EAGLE Star's parent group has moved to reassure its 500 Bournemouth staff after yesterday announcing 4,500 job losses across the world.

Eagle Star's owner Zurich Financial Services "does not expect large scale redundancies in Bournemouth. It's business as usual.

"But the head count in Bournemouth will probably fall through natural wastage," said Zurich spokesman Jane Hewin.

Jobs could go in Bournemouth over the long term through normal staff turnover but at this stage it was not possible to say how many would be affected.
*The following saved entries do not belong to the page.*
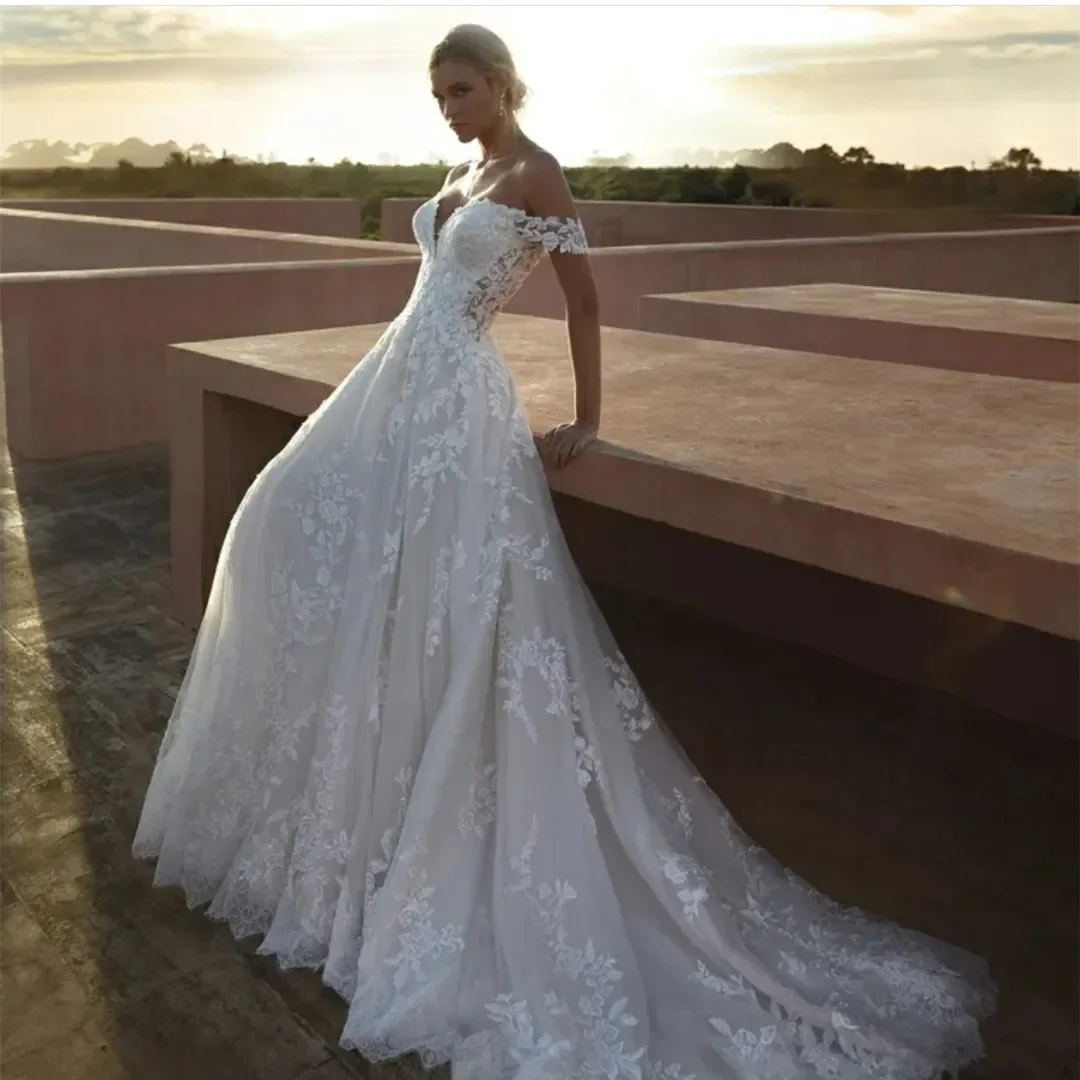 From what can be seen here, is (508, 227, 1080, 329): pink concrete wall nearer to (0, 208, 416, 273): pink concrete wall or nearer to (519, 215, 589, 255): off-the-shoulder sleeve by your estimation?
(0, 208, 416, 273): pink concrete wall

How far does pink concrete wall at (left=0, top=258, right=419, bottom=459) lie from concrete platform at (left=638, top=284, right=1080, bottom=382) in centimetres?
209

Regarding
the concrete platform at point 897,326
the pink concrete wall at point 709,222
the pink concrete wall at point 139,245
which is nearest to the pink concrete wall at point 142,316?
the pink concrete wall at point 139,245

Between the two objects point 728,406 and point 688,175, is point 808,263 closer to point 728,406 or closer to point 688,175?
point 728,406

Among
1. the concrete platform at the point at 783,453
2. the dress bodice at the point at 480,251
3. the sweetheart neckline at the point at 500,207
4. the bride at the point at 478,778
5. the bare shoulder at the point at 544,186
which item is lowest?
the bride at the point at 478,778

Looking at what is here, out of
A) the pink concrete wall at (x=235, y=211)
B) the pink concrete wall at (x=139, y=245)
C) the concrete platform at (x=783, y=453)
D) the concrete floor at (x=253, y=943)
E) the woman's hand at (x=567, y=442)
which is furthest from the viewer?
the pink concrete wall at (x=235, y=211)

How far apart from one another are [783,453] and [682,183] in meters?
23.2

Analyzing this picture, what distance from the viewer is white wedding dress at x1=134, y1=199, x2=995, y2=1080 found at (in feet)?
6.95

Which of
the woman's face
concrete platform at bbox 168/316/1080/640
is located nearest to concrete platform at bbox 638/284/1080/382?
concrete platform at bbox 168/316/1080/640

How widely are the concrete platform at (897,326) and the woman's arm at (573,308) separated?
2.72 m

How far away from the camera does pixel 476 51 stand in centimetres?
234

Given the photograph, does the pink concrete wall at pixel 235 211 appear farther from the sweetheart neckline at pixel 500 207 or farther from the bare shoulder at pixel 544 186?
the bare shoulder at pixel 544 186

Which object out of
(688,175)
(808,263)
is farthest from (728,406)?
(688,175)

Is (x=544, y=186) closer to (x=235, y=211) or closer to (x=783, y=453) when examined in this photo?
(x=783, y=453)

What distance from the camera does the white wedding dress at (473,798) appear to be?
2.12 metres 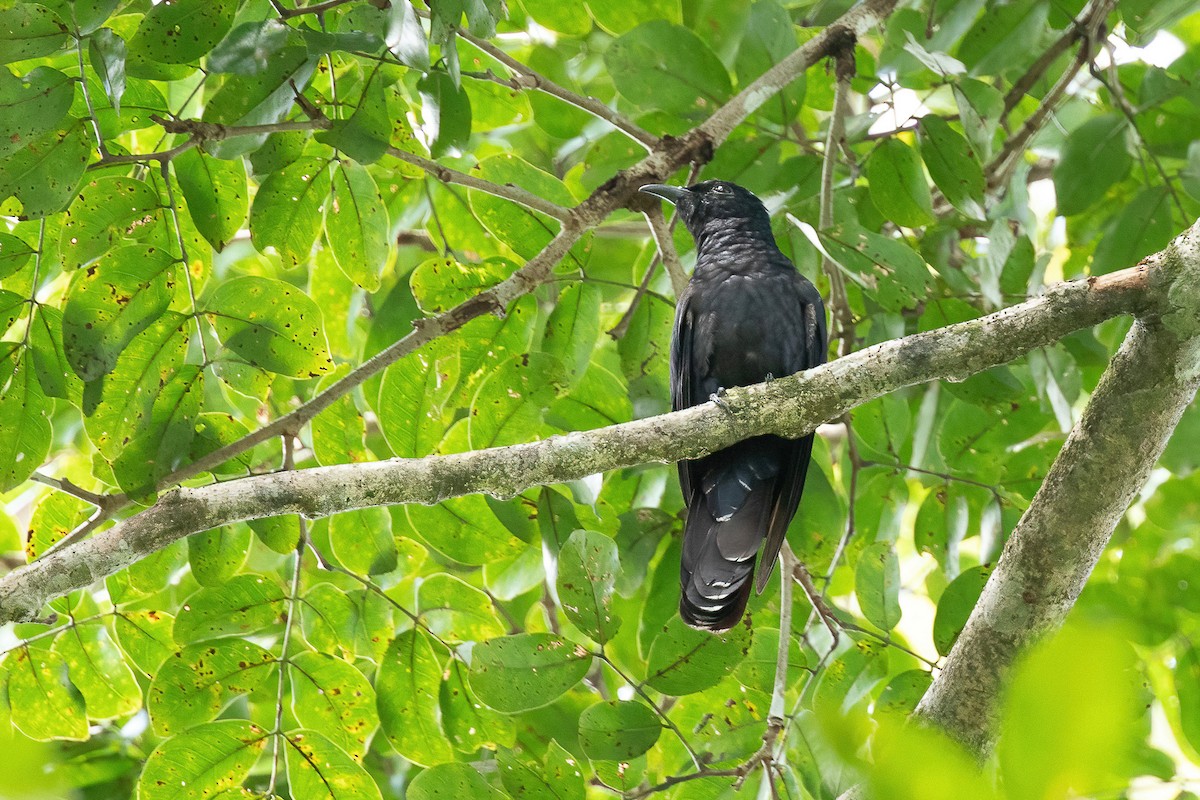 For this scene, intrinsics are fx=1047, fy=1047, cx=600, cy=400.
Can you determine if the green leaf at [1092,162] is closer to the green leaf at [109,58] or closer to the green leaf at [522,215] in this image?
the green leaf at [522,215]

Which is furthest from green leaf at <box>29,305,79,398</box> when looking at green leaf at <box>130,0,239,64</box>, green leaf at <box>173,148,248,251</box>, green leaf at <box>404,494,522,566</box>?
green leaf at <box>404,494,522,566</box>

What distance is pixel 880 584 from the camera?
9.19ft

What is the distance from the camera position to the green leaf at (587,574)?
243cm

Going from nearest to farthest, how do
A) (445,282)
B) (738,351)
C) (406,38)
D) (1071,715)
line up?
(1071,715), (406,38), (445,282), (738,351)

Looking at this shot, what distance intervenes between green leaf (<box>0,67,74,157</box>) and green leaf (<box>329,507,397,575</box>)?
Answer: 124 centimetres

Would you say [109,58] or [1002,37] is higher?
[1002,37]

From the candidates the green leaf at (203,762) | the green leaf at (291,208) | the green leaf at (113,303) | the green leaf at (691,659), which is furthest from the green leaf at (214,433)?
the green leaf at (691,659)

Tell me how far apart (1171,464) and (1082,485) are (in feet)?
4.46

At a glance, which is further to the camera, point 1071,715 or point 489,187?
point 489,187

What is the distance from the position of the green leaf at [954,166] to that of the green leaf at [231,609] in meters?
2.28

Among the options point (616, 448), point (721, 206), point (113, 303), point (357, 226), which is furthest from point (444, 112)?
point (721, 206)

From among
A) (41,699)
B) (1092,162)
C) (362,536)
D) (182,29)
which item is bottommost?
(41,699)

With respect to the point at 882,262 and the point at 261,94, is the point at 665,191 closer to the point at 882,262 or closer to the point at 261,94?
the point at 882,262

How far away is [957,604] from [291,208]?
222cm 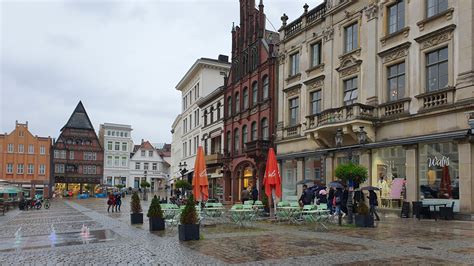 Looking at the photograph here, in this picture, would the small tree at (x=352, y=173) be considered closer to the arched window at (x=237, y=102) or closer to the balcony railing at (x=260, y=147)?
the balcony railing at (x=260, y=147)

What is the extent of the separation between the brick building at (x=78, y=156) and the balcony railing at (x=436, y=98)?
7708 centimetres

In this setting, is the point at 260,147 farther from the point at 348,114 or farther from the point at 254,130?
the point at 348,114

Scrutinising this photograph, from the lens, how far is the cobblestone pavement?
974 centimetres

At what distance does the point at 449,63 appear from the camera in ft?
64.0

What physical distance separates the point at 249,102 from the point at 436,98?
20.7 metres

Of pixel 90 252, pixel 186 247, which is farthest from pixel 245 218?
pixel 90 252

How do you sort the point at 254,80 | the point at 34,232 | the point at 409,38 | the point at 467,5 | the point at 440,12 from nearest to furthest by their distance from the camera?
the point at 34,232 < the point at 467,5 < the point at 440,12 < the point at 409,38 < the point at 254,80

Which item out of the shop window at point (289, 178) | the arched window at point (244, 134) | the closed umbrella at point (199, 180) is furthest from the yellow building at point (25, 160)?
the closed umbrella at point (199, 180)

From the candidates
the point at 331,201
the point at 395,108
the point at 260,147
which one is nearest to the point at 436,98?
the point at 395,108

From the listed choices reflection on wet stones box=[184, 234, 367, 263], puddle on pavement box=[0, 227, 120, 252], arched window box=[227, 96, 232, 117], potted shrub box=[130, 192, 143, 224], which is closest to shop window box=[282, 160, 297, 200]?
arched window box=[227, 96, 232, 117]

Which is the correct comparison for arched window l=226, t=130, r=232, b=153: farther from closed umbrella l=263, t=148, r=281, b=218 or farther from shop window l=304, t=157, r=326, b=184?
closed umbrella l=263, t=148, r=281, b=218

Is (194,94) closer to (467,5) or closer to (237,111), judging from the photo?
(237,111)

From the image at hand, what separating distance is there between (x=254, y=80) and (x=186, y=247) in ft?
91.4

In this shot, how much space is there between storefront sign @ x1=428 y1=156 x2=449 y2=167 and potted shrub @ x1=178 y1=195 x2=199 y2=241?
1194 centimetres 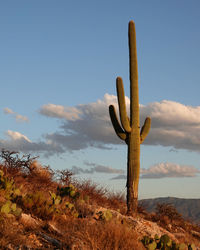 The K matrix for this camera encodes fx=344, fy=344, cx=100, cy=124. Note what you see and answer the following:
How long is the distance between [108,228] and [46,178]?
29.0ft

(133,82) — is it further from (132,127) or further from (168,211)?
(168,211)

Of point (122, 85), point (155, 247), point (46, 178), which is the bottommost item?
point (155, 247)

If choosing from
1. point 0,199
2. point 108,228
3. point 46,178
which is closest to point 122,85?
point 46,178

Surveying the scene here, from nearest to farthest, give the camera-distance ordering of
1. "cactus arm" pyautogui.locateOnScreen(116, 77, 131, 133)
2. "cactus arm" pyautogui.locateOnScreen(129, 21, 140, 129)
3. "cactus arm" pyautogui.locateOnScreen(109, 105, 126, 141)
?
"cactus arm" pyautogui.locateOnScreen(116, 77, 131, 133), "cactus arm" pyautogui.locateOnScreen(109, 105, 126, 141), "cactus arm" pyautogui.locateOnScreen(129, 21, 140, 129)

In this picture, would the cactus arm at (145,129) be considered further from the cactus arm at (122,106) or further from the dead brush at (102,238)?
the dead brush at (102,238)

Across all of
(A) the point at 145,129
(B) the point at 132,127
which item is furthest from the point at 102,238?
(A) the point at 145,129

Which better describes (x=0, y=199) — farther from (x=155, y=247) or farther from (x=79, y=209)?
(x=155, y=247)

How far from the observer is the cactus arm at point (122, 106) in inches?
557

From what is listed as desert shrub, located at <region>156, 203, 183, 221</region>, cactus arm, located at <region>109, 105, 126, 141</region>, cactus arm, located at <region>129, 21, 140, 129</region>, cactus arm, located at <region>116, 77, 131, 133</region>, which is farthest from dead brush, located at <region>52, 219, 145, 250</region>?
desert shrub, located at <region>156, 203, 183, 221</region>

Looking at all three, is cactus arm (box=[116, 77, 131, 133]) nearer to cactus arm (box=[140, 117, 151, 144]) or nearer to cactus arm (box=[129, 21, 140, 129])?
cactus arm (box=[129, 21, 140, 129])

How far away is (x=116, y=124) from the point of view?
1473 centimetres

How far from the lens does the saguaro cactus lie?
45.0ft

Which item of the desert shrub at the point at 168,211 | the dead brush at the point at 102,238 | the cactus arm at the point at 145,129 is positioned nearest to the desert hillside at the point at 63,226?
the dead brush at the point at 102,238

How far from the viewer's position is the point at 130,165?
13.8m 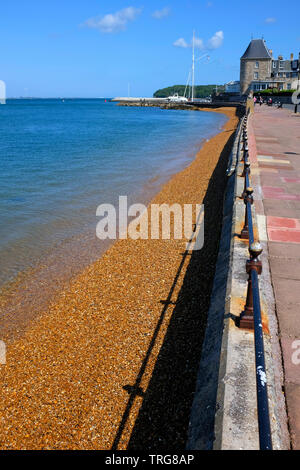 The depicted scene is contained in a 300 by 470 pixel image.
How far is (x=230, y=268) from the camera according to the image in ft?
15.9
Zurich yesterday ann-ounced 4,500 redundancies world-wide - 2,000 in the UK, Ireland, South Africa and Australia and 2,500 in the US, continental Europe and the rest of the world. The redundancies were reported on the front page of yesterday's Echo Town Edition.

Swiss-based Zurich - Europe's third largest insurer - is under pressure to cut costs by $1 billion (£637 million) after yesterday revealing interim losses of $2.03 billion (£1.29 billion).

Although its Eagle Star general insurance call centre on Richmond Hill is expected to escape the worst of the cuts, there would be: "a continued focus on cutting costs and improving productivity," said Ms Hewin.

"These are challenges that Bournemouth emp-loyees have been meeting and beating over previous months and years.

"The challenges they are facing are not unique to Zurich," she added, saying that poor performance by the world stock markets had hit insurers' investment returns.

Zurich has offices in around 60 countries and employs more than 70,000 people.

Its results for the six months to June 30 include special provisions of $2.7 billion (£1.72 billion) to cover an increase in its reserves and the writing off of $954 million (£608.1 million) from accounts.

Before those one-off costs, net profits for the period were $683 million (£435.3 million), compared with $861 million (£548.8 million) a year earlier.

Earlier this week it was reported that Zurich would look to strengthen its balance sheet through the issue of new shares worth up to $2.5 billion (£1.59 billion).

Despite the bottom-line losses, Zurich recorded 18 per cent growth in premium income to $20.7 billion (£13.2 billion) in the first half of the year.

Trade union Amicus has attacked the job cuts and accused Zurich of acting in haste. General secretary Roger Lyons said: "They have decided to slash and burn instead of looking at the longer term picture."